Research on Frequency Response Characteristics of Ring Type Electrostatic Sensor for Gas-Solid Two-Phase Flow Detection
作者单位
中北大学信息与通信工程学院, 山西 太原 030051
摘要
气固两相流广泛存在于工业生产的材料输送中,静电法由于具有成本低、易检测、适应性强等优点而被广泛应用在两相流的测量中。基于静电感应原理, 采用有限元分析法对传感器的结构参数(管壁厚度、电极宽度、电荷、位置等)进行了设定;在不同电极宽度下,对传感器的空间灵敏度进行了研究;根据静电传感器的静动态特性,研究分析了传感器的幅频特性。经仿真实验得出:静电传感器在空间频域上具有低通滤波特性;粒子通过管道时,越靠近管道中心,空间频带越窄;粒子在管道中的速度越快,传感器的频带越宽;电极的轴向长度越长,信号的振幅越大。在确定电极宽度的情况下,可以得到电极在管道内的最佳感测范围。
Abstract
Gas-solid two-phase flow is widely used in the transportation of materials in industrial production. The electrostatic method is widely used in the measurement of two-phase flow due to its disadvantages of low cost, easy detection, and strong adaptability. Based on the principle of electrostatic induction, the structure parameters (thickness of tube wall, electrode width, charge, position, etc.) of the sensor are set by finite element analysis method. The spatial sensitivity of the sensor is studied under different electrode width. The amplitude frequency characteristics of the sensor are studied and analyzed according to the static and dynamic characteristics of the electrostatic sensor. Simulation results show that: the electrostatic sensor has low-pass filtering characteristics in the spatial frequency domain; the closer the particles pass through the pipeline, the narrower the spatial frequency band; the faster the speed of those particles in the pipeline, the wider the frequency band of the sensor; the longer the axial length of the electrode, the greater the amplitude of the signal. When the electrode width is determined, the best sensing range of the electrode in the pipeline can be obtained.

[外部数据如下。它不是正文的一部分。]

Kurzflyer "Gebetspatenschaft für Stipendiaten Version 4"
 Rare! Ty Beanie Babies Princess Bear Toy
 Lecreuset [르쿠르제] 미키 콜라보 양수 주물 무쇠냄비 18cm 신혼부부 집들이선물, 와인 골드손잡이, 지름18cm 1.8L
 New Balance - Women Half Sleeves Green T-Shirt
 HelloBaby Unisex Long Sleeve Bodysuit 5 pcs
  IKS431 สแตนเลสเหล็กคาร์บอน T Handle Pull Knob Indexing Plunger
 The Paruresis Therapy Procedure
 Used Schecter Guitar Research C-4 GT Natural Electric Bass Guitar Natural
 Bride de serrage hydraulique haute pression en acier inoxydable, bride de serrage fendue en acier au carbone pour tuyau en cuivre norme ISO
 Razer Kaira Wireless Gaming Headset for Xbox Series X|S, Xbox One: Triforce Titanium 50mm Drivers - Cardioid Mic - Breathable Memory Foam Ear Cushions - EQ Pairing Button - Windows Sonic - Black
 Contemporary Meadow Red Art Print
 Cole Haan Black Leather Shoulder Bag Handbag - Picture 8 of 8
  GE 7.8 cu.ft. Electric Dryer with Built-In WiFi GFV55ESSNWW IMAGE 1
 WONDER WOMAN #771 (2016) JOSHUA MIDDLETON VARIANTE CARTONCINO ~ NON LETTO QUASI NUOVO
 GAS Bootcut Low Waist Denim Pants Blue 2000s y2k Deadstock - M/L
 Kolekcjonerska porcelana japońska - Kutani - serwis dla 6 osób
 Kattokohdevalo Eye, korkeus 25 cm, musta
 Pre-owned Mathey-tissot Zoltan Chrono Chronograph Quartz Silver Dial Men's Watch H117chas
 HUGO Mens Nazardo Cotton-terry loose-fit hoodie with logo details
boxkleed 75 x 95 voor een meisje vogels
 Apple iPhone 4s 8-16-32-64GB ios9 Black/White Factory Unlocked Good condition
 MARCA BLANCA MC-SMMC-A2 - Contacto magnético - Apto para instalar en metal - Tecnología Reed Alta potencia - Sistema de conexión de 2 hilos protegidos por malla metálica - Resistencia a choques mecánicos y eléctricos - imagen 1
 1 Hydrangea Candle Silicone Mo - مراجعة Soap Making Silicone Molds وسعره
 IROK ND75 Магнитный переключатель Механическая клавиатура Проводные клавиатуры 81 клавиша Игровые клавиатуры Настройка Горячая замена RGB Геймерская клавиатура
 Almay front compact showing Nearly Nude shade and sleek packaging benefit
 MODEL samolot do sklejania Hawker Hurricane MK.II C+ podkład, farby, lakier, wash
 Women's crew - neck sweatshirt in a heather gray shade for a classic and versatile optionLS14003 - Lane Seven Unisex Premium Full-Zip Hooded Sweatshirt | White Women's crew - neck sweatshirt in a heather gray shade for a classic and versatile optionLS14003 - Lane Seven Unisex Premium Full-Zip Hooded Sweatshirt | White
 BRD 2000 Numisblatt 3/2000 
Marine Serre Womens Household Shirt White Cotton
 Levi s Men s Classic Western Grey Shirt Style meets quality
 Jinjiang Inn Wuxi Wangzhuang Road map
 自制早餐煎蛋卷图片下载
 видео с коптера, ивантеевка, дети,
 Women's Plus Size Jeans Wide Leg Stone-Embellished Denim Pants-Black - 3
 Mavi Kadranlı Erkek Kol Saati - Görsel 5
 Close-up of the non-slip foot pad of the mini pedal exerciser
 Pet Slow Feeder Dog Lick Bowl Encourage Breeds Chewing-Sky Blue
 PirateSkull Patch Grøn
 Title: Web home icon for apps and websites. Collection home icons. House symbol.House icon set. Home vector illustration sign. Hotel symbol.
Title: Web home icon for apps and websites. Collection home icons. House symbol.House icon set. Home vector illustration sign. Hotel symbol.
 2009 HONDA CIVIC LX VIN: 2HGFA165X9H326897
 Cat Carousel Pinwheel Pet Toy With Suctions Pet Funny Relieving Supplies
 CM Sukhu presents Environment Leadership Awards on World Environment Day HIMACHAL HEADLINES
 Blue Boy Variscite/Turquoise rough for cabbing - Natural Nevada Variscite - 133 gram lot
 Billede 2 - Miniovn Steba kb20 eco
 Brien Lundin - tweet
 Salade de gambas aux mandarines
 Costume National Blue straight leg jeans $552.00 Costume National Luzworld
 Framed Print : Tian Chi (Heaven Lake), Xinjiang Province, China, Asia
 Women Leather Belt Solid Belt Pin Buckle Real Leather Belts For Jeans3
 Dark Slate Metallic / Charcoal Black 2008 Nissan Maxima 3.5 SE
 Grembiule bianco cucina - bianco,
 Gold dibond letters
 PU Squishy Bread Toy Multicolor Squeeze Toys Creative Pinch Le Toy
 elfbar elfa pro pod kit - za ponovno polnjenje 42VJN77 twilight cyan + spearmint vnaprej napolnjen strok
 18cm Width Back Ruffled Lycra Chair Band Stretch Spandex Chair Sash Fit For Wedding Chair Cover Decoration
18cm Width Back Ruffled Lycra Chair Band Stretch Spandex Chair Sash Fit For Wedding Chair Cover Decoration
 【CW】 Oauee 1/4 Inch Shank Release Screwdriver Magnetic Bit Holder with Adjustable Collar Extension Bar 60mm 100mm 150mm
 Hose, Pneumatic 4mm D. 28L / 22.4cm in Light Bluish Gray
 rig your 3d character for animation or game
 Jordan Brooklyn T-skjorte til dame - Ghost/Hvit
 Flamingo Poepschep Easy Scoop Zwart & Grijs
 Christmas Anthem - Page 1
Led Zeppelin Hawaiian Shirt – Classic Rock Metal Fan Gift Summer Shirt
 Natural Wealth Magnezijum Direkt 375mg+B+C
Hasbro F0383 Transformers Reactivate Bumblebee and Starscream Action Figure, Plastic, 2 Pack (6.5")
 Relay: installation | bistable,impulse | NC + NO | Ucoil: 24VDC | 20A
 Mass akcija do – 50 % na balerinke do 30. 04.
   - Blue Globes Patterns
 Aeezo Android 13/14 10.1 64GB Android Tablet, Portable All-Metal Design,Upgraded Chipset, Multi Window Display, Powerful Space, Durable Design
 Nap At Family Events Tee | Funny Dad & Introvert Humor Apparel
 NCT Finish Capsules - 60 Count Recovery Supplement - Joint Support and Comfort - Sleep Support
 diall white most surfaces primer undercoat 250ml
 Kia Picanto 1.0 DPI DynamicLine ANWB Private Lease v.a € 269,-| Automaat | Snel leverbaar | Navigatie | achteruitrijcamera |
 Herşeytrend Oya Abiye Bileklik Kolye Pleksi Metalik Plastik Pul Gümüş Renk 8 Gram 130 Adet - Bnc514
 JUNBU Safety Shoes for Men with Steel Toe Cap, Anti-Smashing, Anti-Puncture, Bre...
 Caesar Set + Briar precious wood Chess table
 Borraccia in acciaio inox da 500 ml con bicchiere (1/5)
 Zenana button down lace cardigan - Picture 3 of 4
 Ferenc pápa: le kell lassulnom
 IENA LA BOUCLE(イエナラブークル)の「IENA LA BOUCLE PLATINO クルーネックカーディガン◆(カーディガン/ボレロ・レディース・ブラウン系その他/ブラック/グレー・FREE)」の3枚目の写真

王浩全, 王雅慧, 任时磊, 孟乾泰, 王玉磊. 用于气固两相流检测的环式静电传感器频率响应特性的研究[J]. 激光与光电子学进展, 2020, 57(17): 171202. Haoquan Wang, Yahui Wang, Shilei Ren, Qiantai Meng, Yulei Wang. Research on Frequency Response Characteristics of Ring Type Electrostatic Sensor for Gas-Solid Two-Phase Flow Detection[J]. Laser & Optoelectronics Progress, 2020, 57(17): 171202.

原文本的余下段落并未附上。